La délégation est preneuse des supports que vous voudrez bien lui communiquer pour la rédaction de son rapport.

Étude sur la place des outre-mer dans la stratégie maritime nationale - Audition de M. Jean-Louis Fillon, délégué général,
Institut français de la mer (IFM)

M. Stéphane Artano, président. - Nous accueillons Jean-Louis Fillon, délégué général de l'Institut français de la mer (IFM), association d'utilité publique qui oeuvre au développement durable des activités maritimes de la France, afin de connaître ses propositions concernant la question de la place des outre-mer dans la stratégie maritime nationale.

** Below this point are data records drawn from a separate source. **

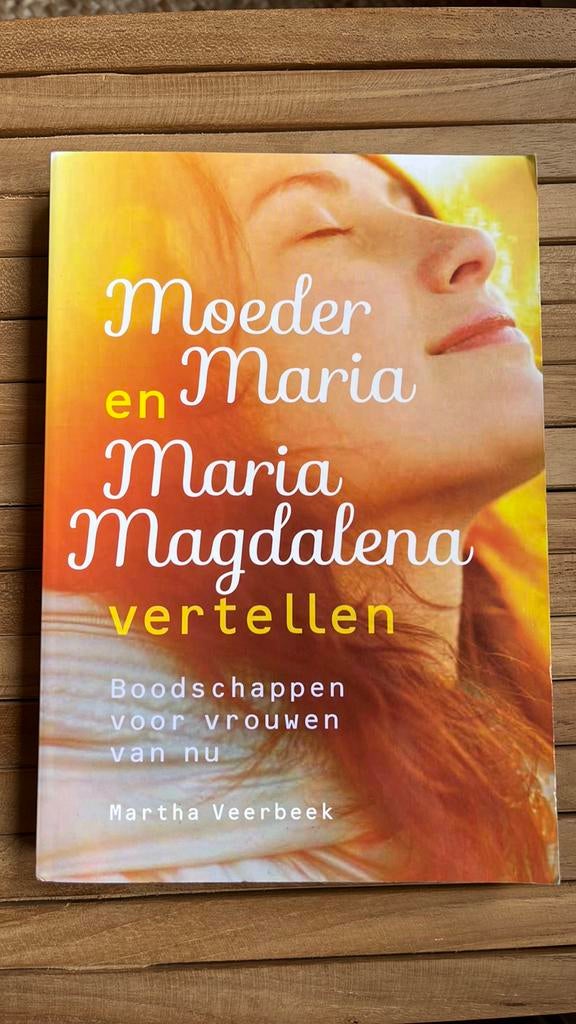 Martha Veerbeek - Moeder Maria en Maria Magdalena vertellen, Livres, Ésotérisme & Spiritualité, Comme neuf, Enlèvement ou Envoi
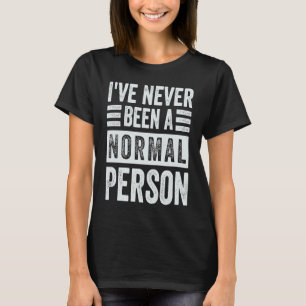 T-shirt Je N'Ai Jamais Été Une Personne Normale, Ironie, Q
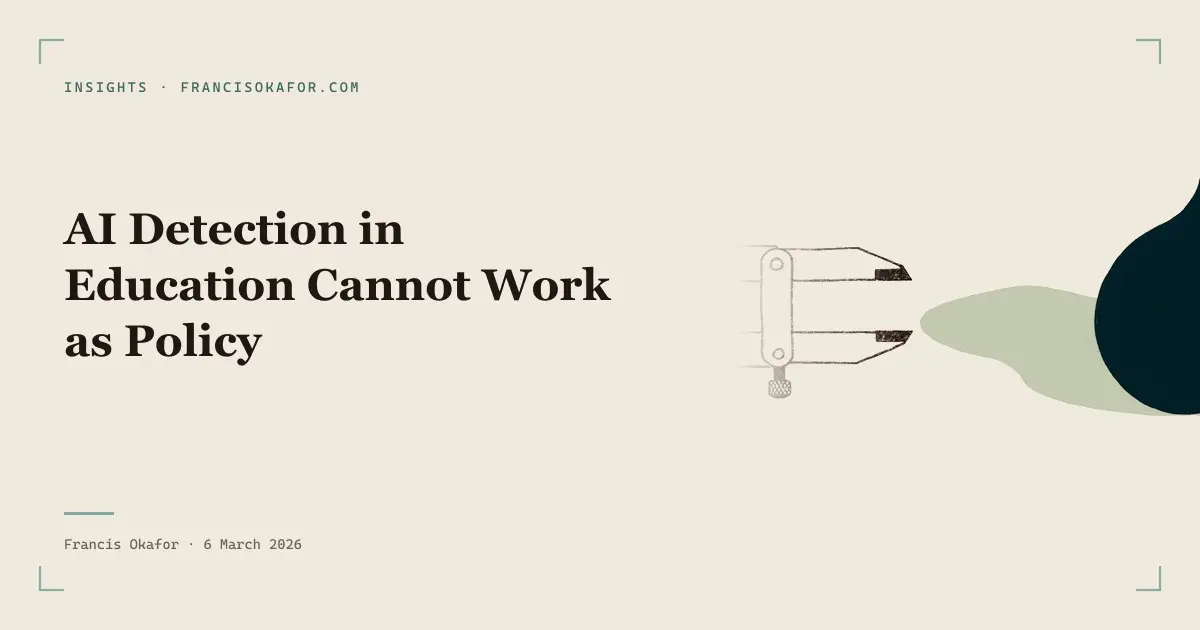 AI Detection in Education Cannot Work as Policy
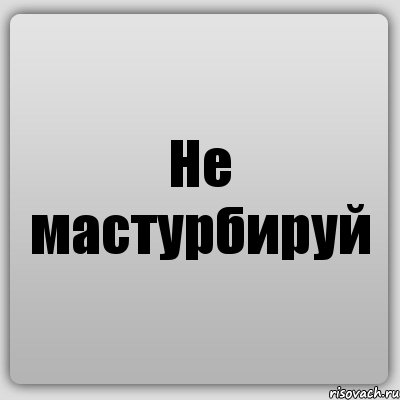 Не мастурбируй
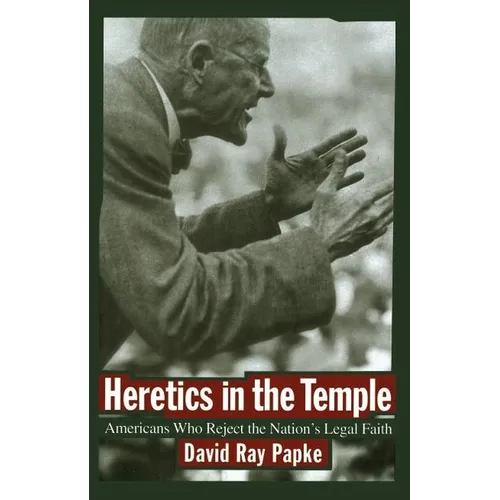 Heretics in the Temple: Americans Who Reject the Nation's Legal Faith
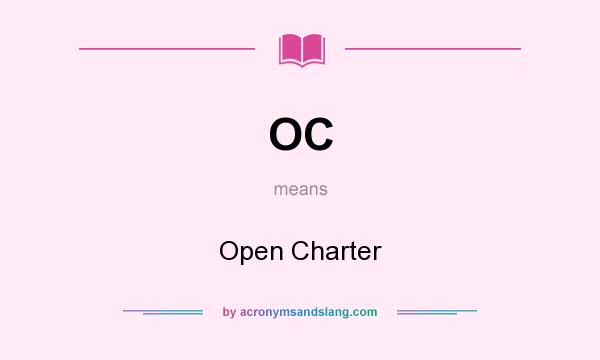 What does OC mean? It stands for Open Charter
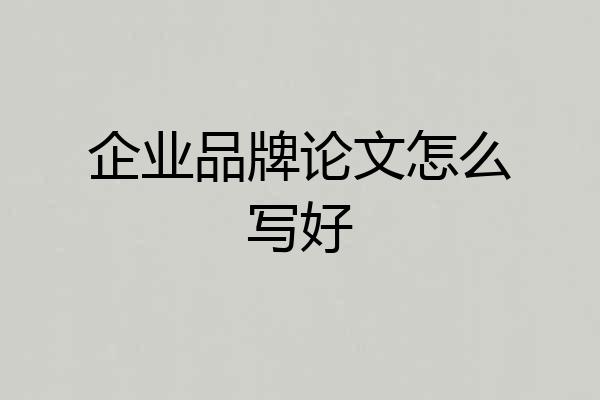 企业品牌论文怎么写好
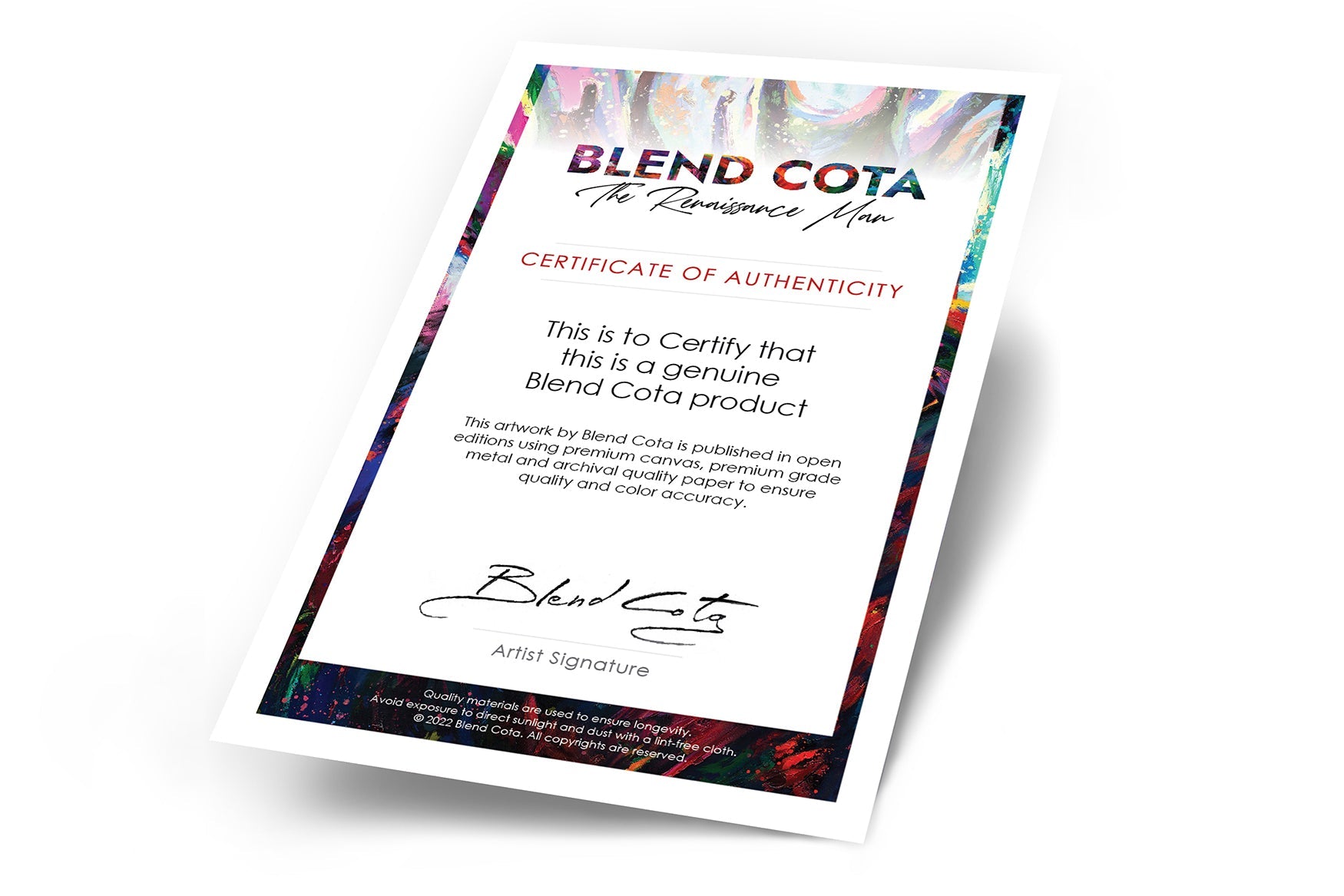 
                  
                    Sample of a Blend Cota Studios certificate of authenticity for art prints, painted border on white paper with signature.
                  
                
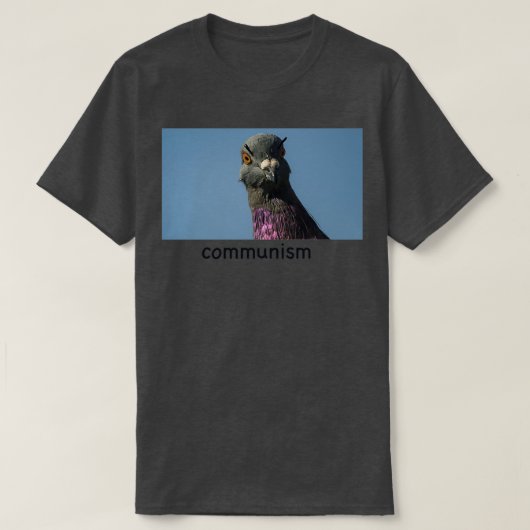 communism pigeon 2 T-Shirt (Design vorne)
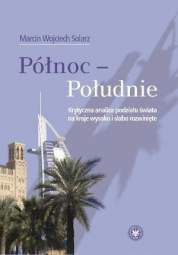 Północ - Południe. Krytyczna analiza podziału świata na kraje wysoko i słabo rozwinięte - pdf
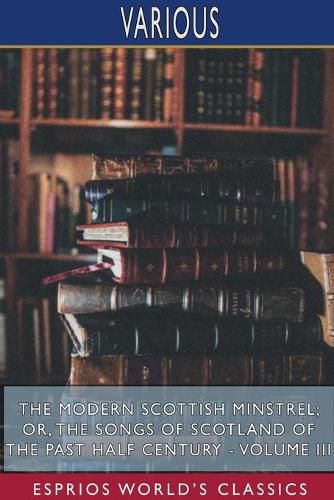 Cover image for The Modern Scottish Minstrel; or, The Songs of Scotland of the Past Half Century - Volume III (Esprios Classics)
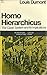 Homo Hierarchicus: The Caste System and Its Implications (The Nature of Human Society Series)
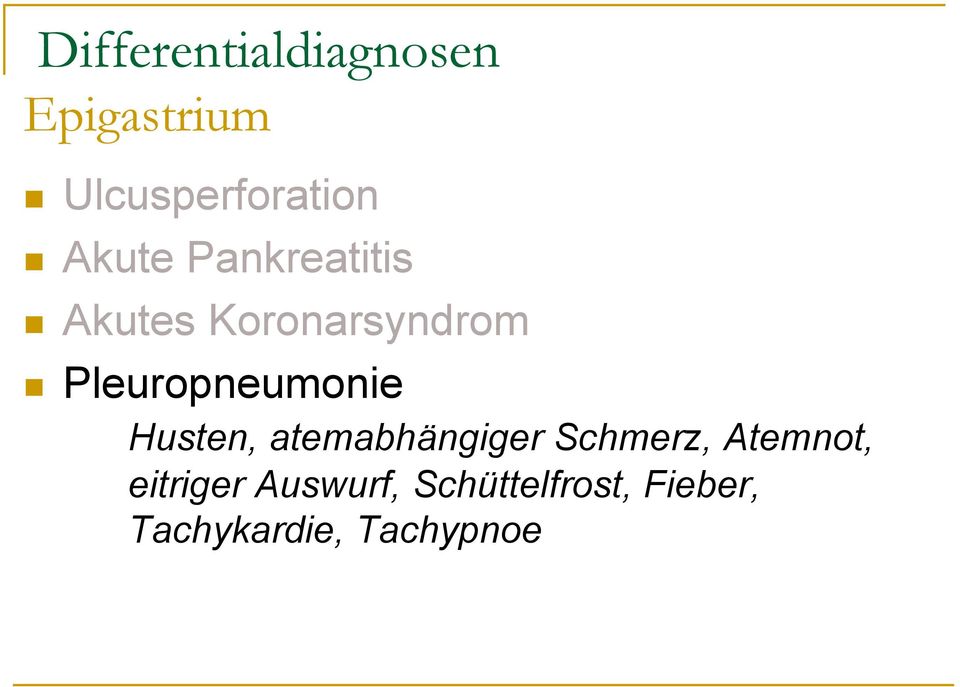Pleuropneumonie Husten, atemabhängiger Schmerz,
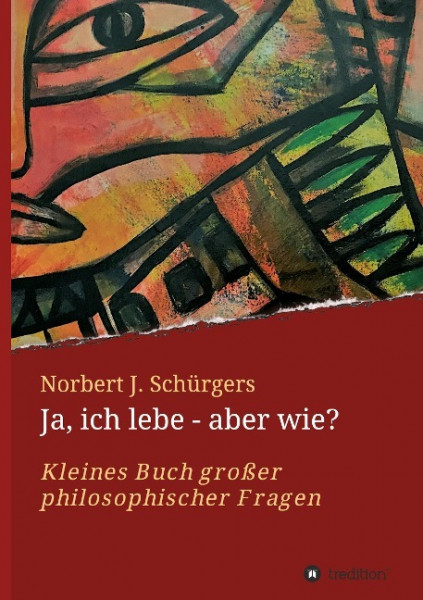Ja, ich lebe - aber wie?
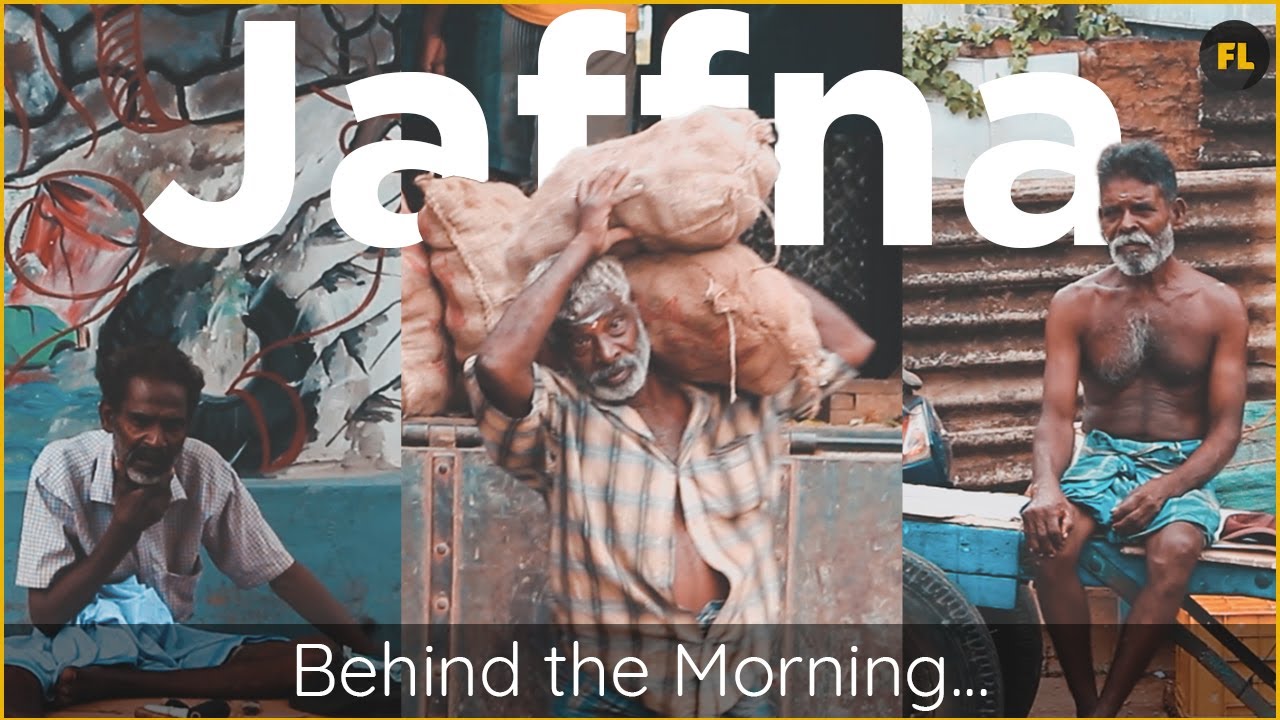 Jaffna : Behind the morning - Cinematic video | Fully Lankan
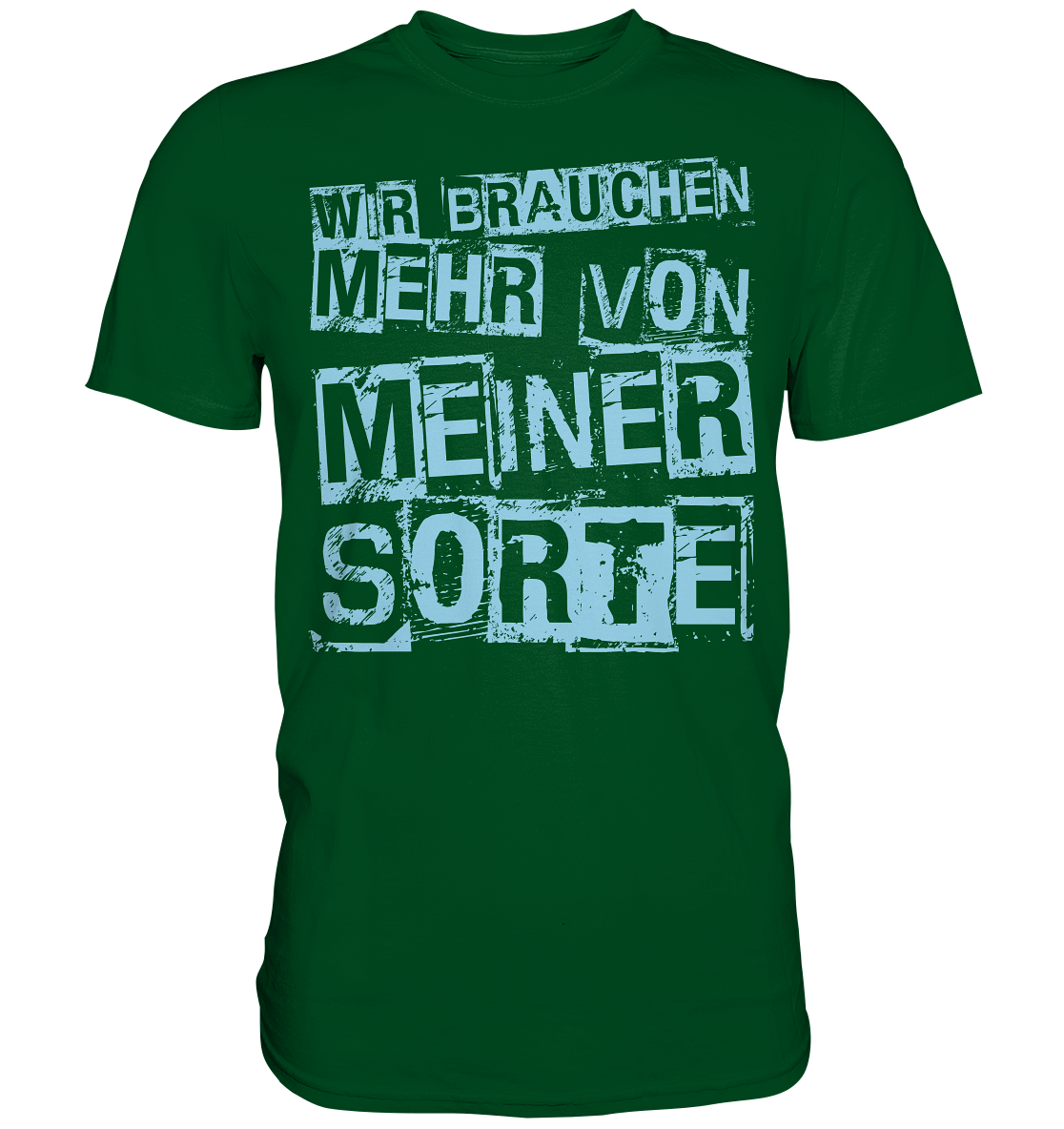 Wir brauchen mehr... Premium Shirt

M. Jean-Louis Fillon, délégué général de l'IFM. - Commissaire général de la Marine de métier, j'ai exercé 35 ans dans la Marine nationale : chef du bureau du droit de la mer, puis adjoint du préfet maritime de la Méditerranée pour l'action de l'État en mer, je demeure engagé dans les questions maritimes en tant que délégué général de l'Institut français de la mer (IFM) et président de la section droit et économie de l'Académie de marine.

Il y a quelques mois en juillet 2021, nous avons publié une étude, parue dans le numéro 520 de la revue maritime que nous vous avons fait parvenir, intitulée : « 11 millions de km², pour quoi faire ? ». Cette étude faisait le constat d'une absence de stratégie maritime globale pour la France, au bénéfice de stratégies dispersées comme la stratégie nationale pour la mer et pour le littoral, ou encore la stratégie nationale de sûreté maritime. Il y a là une défaillance méthodologique qui rend difficile l'appréhension d'une stratégie globale, à laquelle nous avons tenté de remédier en créant une grille d'analyse valable pour l'ensemble de nos espaces maritimes, métropole comprise. Nos moyens étant limités, nous avons ciblé deux zones symboliques, la mer Méditerranée en métropole et la Nouvelle-Calédonie en outre-mer.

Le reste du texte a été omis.